M918.104.22.168-2 | Smoking cap and suspenders
Gift of Mrs. Gordon Dorey
© McCord Museum
Keywords: Ensemble (8)
Keys to History
Smoking caps were among the most popular accessories embroidered by bourgeois women as gifts.
Women's magazines featured needlework patterns for caps, slippers and many other accessories. Colourful accessories, including patterned dressing gowns, had been worn by European men since the 16th century, when trade with the East brought exotic luxuries such as rich silks to Europe.
Most upper-class Victorian homes had a "smoking room" where men could relax and enjoy the pleasures of a cigar and a brandy without offending the ladies of the house. The smoking cap protected a man's hair from the lingering aroma of tobacco.
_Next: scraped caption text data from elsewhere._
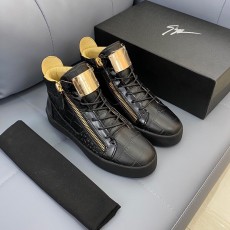 쥬세페 자노티 GIUSEPPE ZANITTI 2023 SS 블랙 금속패치 하이탑 남성 슈즈 커스텀급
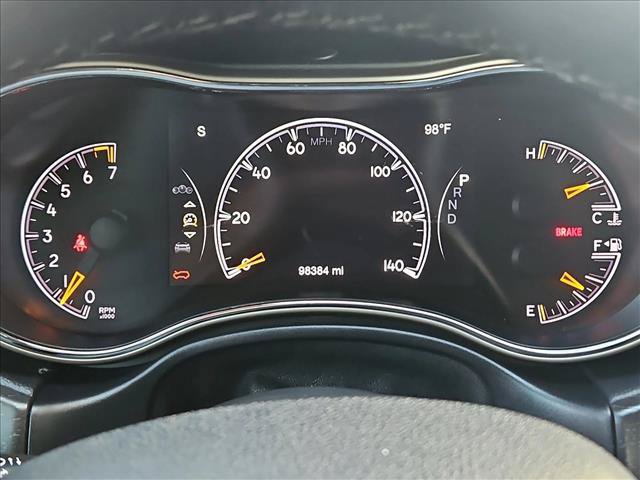 Used 2016 Jeep Grand Cherokee Laredo w/ Quick Order Package 23E AWD/4WD image 11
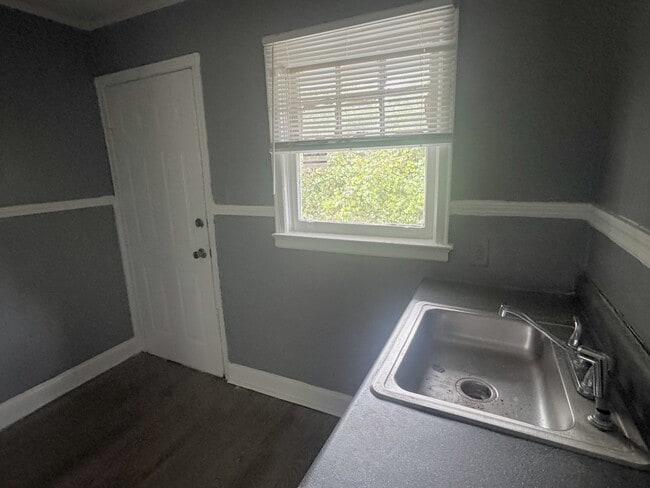 Building Photo - 108 Thurman Ave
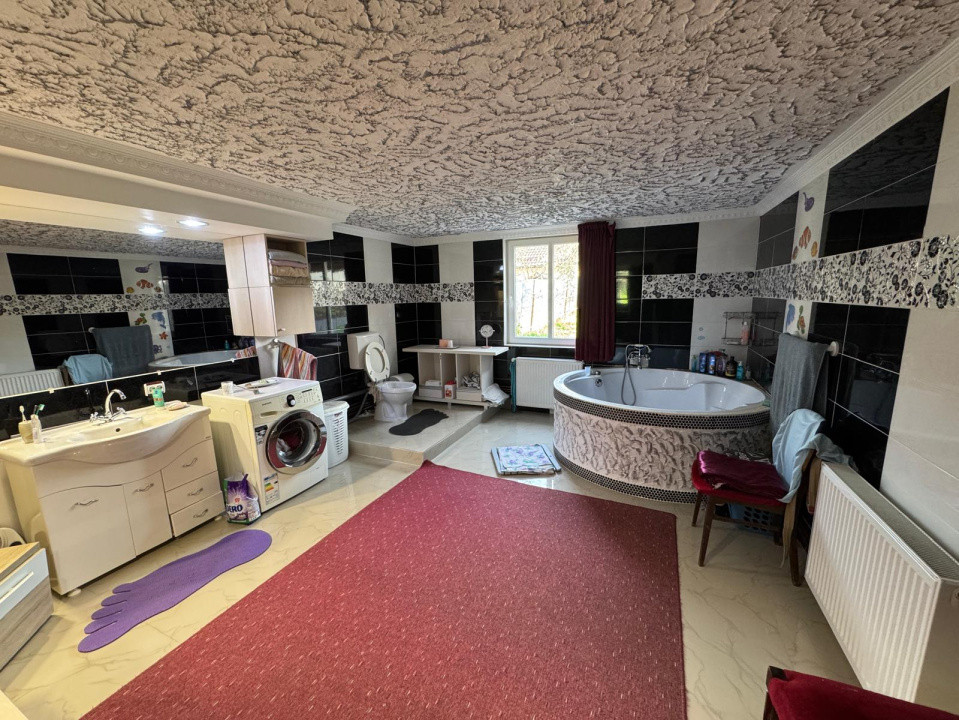 Comisin 0%! De vânzare casă, 261 mp.+895 mp curte!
The smoking cap and suspenders are hand-embroidered in silk on silk satin.
Smoking did not first take place out of doors, but only in boudoirs or special rooms. The first cigarette clubs were opened in the mid-1800s.
Caps and accessories were used not only in smoking sessions, but also for travelling in public railway carriages and steamship cabins, where there might have been smoke, cinders and dirt.
Smoking was linked with the male domains of the study, library or club - private and exclusive spaces where men were free of their dull, daily clothing.